Kultur

„Stolz auf das Erreichte“

Archivartikel

„Hector-Bau“ wird der Neubau der Kunsthalle künftig heißen – als Dank an den Stifter Hans-Werner Hector mit seiner Frau Josephine. Er ist oft auf Reisen, beantwortete daher unsere Fragen von unterwegs.

Herr Hector, Stolz über das Erreichte, Freude über die Fertigstellung oder Erleichterung, dass der Kostenrahmen eingehalten ist – was überwiegt, wenn Sie heute vor dem Bau stehen?

Hans-Werner Hector: Wenn ich heute vor der Kunsthalle stehe, bin ich stolz darauf, dass es in hervorragender Weise gelungen ist, im Zeitrahmen – beinahe – und im Kostenrahmen ein so interessantes, ins Auge fallendes und lichtdurchflutetes Gebäude zu errichten.

Wie stark haben Sie denn das Baugeschehen begleitet? Eher wohlwollend aus der Distanz – oder aktiv?

Hector: Als Mitglied des Stiftungsrates der Stiftung Kunsthalle war ich immer über den aktuellen Baufortschritt informiert und konnte dort auch alle Höhen und Tiefen, die ein so großes Projekt einfach mit sich bringt, zeitnah miterleben.

Sind Sie mit dem Ergebnis, mit dem Neubau jetzt zufrieden?

Hector: Ich bin mit dem Neubau sehr zufrieden.
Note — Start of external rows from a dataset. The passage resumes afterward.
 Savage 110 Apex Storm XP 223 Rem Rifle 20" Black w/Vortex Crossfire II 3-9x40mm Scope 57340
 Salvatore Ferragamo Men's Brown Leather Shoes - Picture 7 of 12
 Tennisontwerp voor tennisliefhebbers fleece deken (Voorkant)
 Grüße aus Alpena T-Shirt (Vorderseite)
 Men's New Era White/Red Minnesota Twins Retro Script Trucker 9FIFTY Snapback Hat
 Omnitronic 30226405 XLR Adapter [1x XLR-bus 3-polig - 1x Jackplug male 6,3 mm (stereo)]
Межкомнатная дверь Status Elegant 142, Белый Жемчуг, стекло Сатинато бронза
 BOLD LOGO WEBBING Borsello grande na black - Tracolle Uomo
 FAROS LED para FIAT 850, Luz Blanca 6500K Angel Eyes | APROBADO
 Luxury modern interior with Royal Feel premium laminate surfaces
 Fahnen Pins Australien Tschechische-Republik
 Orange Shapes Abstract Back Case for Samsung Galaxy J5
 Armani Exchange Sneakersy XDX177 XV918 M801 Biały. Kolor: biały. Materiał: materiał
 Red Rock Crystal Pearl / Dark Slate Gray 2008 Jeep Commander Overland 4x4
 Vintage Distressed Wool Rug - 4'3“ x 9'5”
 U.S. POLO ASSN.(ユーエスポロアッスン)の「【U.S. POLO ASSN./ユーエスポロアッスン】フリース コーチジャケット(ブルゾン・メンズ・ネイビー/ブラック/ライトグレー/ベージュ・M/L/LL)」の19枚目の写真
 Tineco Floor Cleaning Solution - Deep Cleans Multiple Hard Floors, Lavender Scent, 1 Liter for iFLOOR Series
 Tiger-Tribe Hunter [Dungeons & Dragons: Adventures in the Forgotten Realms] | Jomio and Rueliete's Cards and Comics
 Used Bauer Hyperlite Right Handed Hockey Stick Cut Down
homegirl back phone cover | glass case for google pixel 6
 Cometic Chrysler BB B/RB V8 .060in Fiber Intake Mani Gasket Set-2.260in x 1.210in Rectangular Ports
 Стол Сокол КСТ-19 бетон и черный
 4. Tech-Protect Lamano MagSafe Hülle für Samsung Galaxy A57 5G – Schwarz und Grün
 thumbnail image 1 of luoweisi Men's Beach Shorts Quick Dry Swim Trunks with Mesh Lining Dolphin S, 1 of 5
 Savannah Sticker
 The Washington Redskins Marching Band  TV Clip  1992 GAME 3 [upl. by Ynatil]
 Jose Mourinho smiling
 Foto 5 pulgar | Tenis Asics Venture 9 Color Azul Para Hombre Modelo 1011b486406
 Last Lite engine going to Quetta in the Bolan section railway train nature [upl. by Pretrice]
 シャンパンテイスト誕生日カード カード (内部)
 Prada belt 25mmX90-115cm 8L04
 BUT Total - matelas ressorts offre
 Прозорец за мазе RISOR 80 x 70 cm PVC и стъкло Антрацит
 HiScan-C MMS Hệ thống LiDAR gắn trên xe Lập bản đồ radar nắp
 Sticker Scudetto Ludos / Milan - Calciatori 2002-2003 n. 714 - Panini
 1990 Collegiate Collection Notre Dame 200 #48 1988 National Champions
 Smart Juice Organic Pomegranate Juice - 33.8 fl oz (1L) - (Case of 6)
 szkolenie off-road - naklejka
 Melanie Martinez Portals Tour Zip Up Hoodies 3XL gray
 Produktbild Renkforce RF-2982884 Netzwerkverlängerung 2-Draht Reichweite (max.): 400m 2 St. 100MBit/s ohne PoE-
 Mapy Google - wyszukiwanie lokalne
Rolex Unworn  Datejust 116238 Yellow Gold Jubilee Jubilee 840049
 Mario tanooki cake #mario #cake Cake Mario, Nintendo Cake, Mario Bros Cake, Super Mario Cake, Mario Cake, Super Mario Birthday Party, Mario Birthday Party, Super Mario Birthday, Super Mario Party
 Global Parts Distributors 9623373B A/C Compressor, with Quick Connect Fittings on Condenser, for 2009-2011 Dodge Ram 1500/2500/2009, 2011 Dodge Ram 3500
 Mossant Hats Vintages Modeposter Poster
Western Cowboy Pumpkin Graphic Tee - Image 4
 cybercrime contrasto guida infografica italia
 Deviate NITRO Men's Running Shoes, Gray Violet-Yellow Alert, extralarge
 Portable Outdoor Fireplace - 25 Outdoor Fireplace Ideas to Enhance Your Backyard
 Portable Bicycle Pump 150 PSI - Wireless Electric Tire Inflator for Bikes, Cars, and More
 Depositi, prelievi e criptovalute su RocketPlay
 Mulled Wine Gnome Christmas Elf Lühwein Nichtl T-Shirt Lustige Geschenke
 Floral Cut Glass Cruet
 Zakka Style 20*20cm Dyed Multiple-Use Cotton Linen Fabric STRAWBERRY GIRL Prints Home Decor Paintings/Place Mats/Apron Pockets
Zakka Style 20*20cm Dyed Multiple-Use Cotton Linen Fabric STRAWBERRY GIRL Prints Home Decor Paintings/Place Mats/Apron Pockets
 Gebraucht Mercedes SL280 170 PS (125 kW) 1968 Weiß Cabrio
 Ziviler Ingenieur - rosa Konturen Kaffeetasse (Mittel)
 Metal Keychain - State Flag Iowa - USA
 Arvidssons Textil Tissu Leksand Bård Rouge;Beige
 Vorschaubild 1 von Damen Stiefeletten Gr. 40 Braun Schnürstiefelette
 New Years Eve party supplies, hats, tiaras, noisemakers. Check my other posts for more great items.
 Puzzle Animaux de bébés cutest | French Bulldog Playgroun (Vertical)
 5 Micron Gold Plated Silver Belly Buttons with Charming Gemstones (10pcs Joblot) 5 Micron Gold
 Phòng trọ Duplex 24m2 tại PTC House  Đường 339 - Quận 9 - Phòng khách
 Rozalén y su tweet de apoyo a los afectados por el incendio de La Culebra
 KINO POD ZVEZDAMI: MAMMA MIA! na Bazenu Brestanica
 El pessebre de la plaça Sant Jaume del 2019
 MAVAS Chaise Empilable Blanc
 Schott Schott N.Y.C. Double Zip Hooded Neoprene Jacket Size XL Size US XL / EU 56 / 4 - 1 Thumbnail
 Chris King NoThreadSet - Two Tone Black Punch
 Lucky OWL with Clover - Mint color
Allerdings wird man, wie bei allen Neubauten, hin und wieder kleine Baumängel beseitigen müssen.

Auch speziell mit der Fassade? Viele Mannheimer finden sie ja zu dunkel, vermissen Glanz …

Hector: Ich weiß natürlich, dass die Fassade nicht bei allen Mannheimern gut angekommen ist. Mir gefällt sie, und man darf gespannt darauf sein, ob und wie sie sich im „Wetter“ eventuell noch verändert..

Sie sind eigentlich Mathematiker – woher kommt Ihre große Liebe zur Kunst?

Hector: Wie ich schon früher sagte: Manchmal kommen ja Kunst und Mathematik zusammen.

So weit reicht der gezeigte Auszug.